The first patient presented candidemia probably associated with the central catheter and was empirically treated with fluconazole for two days. Despite the resistance of the yeast to fluconazole, the clinical response was satisfactory, probably because the catheter was also removed. Subsequently, at discharge and for eleven days, posaconazole was administered orally. There were no positive blood cultures, since the candidemia cleared up when the central line was removed. The empirical antifungal treatment was established by clinicians of the Neurology Department, and when the final diagnosis was made, it had been days since the patient had received the medical discharge. After three months, the patient went to a follow-up consultation for his epilepsy. He was in good general condition and was given a new appointment for a six-month follow-up.

After seven months since the last case, no other case has been detected, yeasts with similar characteristics have not been isolated, and the incidence of candidemia has not increased. Likewise, in the clinical samples and in surveillance samples, none of the species that can be confused with C. auris (C. haemulonii, Candida famata, Candida sake, Rhodotorula glutinis or Saccharomyces cerevisae) have been identified. In this period, only one case of Candida guillermondii was detected in a surveillance culture (also included in the Candida species that can lead to erroneous identification5), a result obtained with Vitek® MS (MALDI-TOF) with a reliability of 99.9%. Both the phenotypic characteristics of the culture and the proteomic technique have ruled out C. auris, and according to previous references, MALDI-TOF is a reliable method for identification of this yeast.4,5,7,8

In the literature, the described cases of hospital outbreaks caused by C. auris have lasted for months despite the measures adopted to eradicate them.7,8 The mode of transmission of C. auris is unknown, although it is confirmed that it is isolated in the environment of the affected patient, that it forms biofilms and that outbreaks subside or decrease when the control measures are increased (hand hygiene, cleaning of the environment, etc.).3,4,7,9,10 In our centre, we have not been able to learn the reason why only two cases have been detected to date, especially considering that no additional control measures have been implemented.

The surveillance from the Microbiology laboratory should be based on the suspicion of yeasts that cannot be identified by proteomics or that do so as C. haemulonii or other species (C. famata, C. sake, S. cerevisae, etc.) with a low score.6 In our case, these suspicious strains were not identified by Vitek® MS. In addition to the phenotypic characteristics of the colony, the sensitivity profile to fluconazole is also helpful for the diagnosis, since the MICs of this antifungal agent against C. auris are generally very high. Based on our findings, it may be the case that the presence of this yeast is underdiagnosed, that it may not always cause outbreaks and that our case (low transmissibility and virulence) is not unique.

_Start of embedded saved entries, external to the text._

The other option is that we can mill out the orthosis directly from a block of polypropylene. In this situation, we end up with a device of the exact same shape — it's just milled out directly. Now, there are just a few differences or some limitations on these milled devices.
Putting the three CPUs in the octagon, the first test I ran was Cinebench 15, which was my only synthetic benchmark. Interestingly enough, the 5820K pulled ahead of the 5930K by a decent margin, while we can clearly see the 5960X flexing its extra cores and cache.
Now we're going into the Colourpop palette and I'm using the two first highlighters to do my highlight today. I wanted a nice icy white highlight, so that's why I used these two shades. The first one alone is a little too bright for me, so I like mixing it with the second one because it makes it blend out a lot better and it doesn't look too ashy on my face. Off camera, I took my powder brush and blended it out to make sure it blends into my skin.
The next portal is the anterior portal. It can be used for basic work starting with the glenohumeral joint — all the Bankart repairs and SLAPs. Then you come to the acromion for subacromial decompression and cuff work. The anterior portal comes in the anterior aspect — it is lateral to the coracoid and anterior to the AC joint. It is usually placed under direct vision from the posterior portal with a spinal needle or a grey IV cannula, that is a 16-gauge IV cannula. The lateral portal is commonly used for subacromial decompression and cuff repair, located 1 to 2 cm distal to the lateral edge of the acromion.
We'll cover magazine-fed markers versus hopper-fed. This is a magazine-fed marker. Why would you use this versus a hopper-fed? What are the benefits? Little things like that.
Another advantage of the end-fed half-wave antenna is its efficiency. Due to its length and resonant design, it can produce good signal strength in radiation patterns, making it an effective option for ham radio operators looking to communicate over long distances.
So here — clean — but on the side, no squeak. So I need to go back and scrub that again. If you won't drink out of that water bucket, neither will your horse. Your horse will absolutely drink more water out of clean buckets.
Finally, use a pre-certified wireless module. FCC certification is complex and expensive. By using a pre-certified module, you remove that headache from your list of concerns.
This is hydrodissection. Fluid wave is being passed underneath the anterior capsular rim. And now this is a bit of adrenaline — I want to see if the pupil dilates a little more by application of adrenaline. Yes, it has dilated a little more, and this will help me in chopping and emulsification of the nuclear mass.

When the laboratory does not have a mass spectrometry system that includes C. auris in its database, it is crucial to send the strain to a reference centre for proper identification. The molecular techniques that use sequencing are useful for the identification of these yeasts, although they delay the diagnosis. The methods based on biochemical tests (API 20 C, Vitek® 2, etc.) do not provide conclusive results and are currently not recommended, although they could be used for presumptive identification in the absence of other confirmation systems. Therefore, the use of proteomic methods seems the most appropriate for the health care field because of its speed,4,5,7,10 but when the confidence level is low, sequencing is essential.

It would be desirable to establish reliable surveillance and identification protocols to define the dissemination of this pathogen in the health care setting of our environment.